Special Agent Gallo, who conducted the investigation, did not finish his report until July 24, 1990, thus after the deadline. Defense counsel was informed of the existence of the report. When he failed to pick up the report, the government had it delivered to his office.

On July 25, 1990, Mullen of the passport office, upon his own initiative, wrote a two-page outline concerning his involvement in the case and sent it by facsimile to the United States Attorney's Office at 5:00 p.m. The government delivered a copy to defense counsel the following morning.

Mavrokordatos filed a motion to compel six days before the trial date of July 30 asserting that he had not received Gallo's report or the handwriting and fingerprint experts' report. Mavrokordatos subsequently filed a motion to continue.

On July 30, 1990, the morning of the trial, the trial court heard testimony and took evidence on the two motions raised by Mavrokordatos. The trial court ordered that six government witnesses would not be permitted to testify because their statements or reports were produced to defense counsel after the discovery deadline. The trial court thus excluded Gallo, Mullen, and Smith's testimony based upon violations of 18 U.S.C. Sec. 3500 and Fed.R.Crim.P. 16(a)(1)(C). Theide, Eaton, and McCloud's testimony was excluded for violations of Fed.R.Crim.P. 16(a)(1)(D).

Upon the trial court's suppression of the government's six witnesses, Mavrokordatos withdrew his motion for a continuance. The government moved for a stay of the proceedings to seek appellate review pursuant to 18 U.S.C. Sec. 3731. The government informed the trial court that the appeal was not to be taken for purposes of delay, but that without the six witnesses the government was not certain that it could put forth its case. The government requested two hours to file a notice of appeal. The trial court denied its motion stating that the discovery sanctions were not appealable under 18 U.S.C. Sec. 3731.

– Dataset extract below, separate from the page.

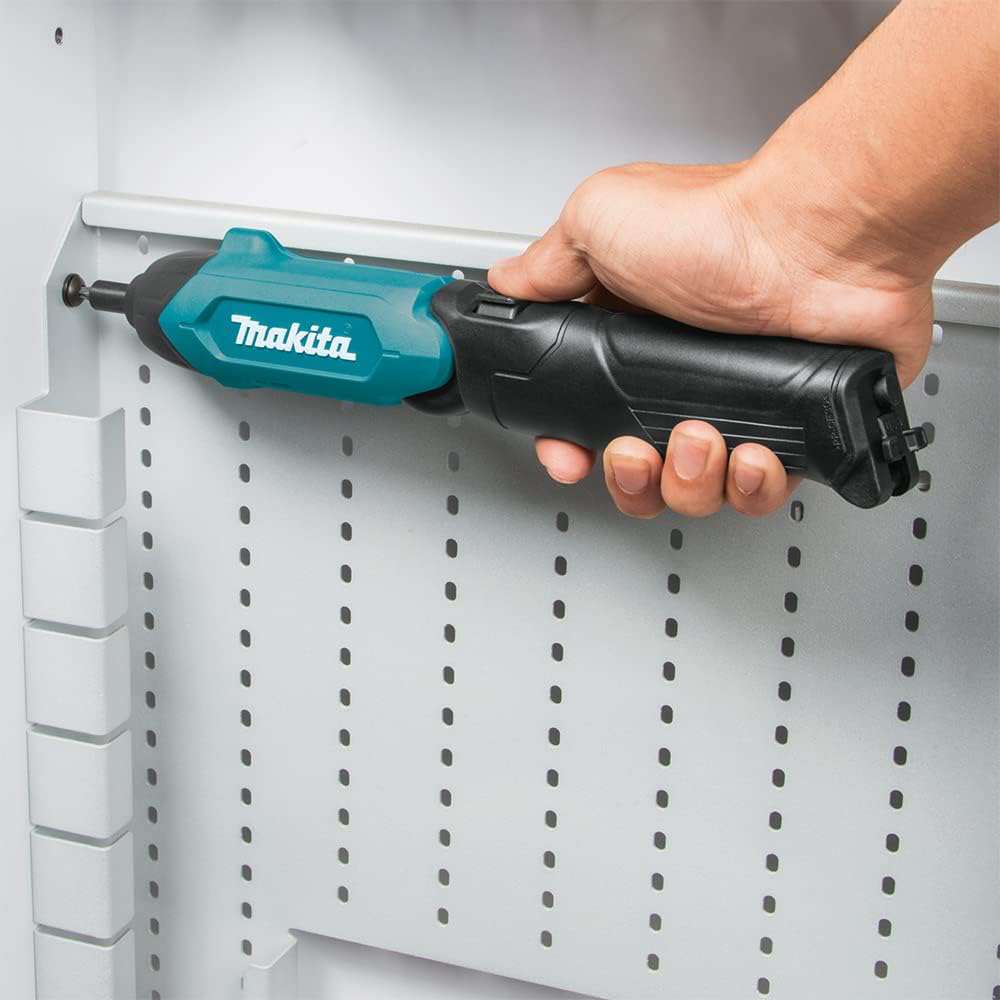 Makita DF001DW Li-ion 3.6V Cordless Screwdriver Kit 8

After the noon recess, the government presented a written motion for stay and informed the trial court that its office was preparing a notice of appeal and that an emergency motion for stay pending appeal was being filed with this court. The trial court denied the stay. Again, the government informed the trial court that it could not proceed without the excluded testimony of the six witnesses. The trial court informed the government that it would not dismiss the case and began jury selection.

The notice of appeal was filed with the district court at 1:51 p.m. and the notice of appeal and emergency motion for stay pending appeal were filed with this court at the same time.

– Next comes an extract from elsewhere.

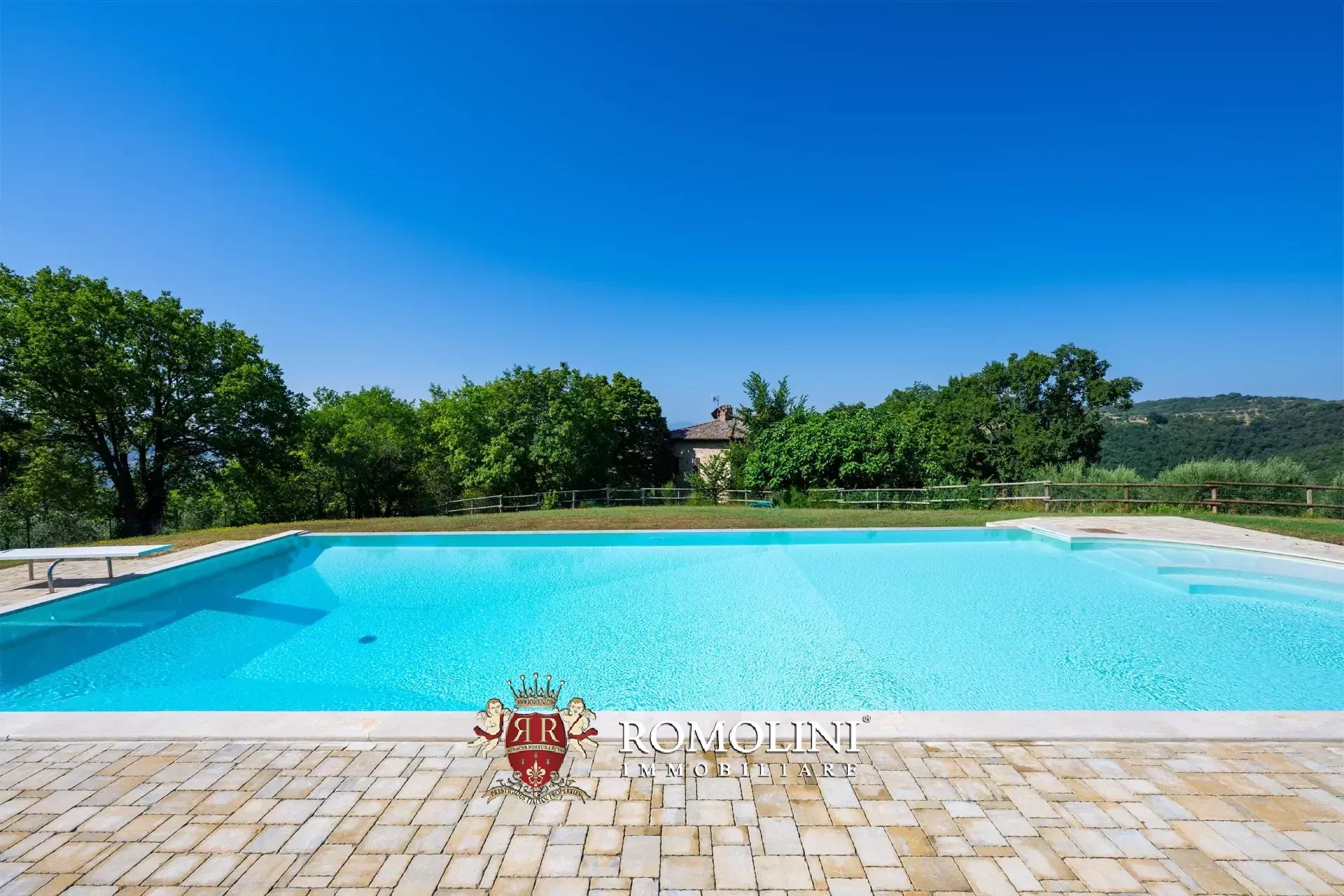 5 Bedroom Villa/Townhouse's Image 20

Before the jury was sworn, the government requested a five-minute recess to see if an order had been issued on the emergency motion for stay pending appeal. The trial court denied the government's request. The government moved for dismissal and Mavrokordatos objected. The trial court did not rule on the government's motion to dismiss and swore the jury in at approximately 4:10 p.m. Thereafter, the trial court granted the government's renewed motion to dismiss. The government filed a subsequent notice of appeal with this court and a motion to consolidate the two appeals.

The government contends that a timely notice of appeal was filed pursuant to 18 U.S.C. Sec. 3731; therefore, the trial court had been divested of jurisdiction to proceed with the trial before the jury was sworn.

It is apparent that the filing of a timely notice of appeal from an appealable order divests the trial court of jurisdiction and confers jurisdiction on the court of appeals. Thus the issue is whether there was an appealable order. Appeals under 18 U.S.C. Sec. 3731 are not the "usual" appeals. The statute was intended to make appeals possible under the stated circumstances. In our view, the appeal here filed by the government directed to the suppression or exclusion of evidence was within Sec. 3731, and did not constitute a serious disruption of the proceeding. The defendant had asked for a continuance the Friday before the trial and the prosecution had agreed to it. This and other motions for a trial continuance were not ruled on. We must conclude, as mentioned, that the suppression of evidence ordered by the trial court was appealable under 18 U.S.C. Sec. 3731. The statements of the prosecutor were sufficient to meet the non-delay and substantial proof requirements. The trial court was made aware of the fact that a notice of appeal was being prepared and would probably be filed before the jury was impaneled.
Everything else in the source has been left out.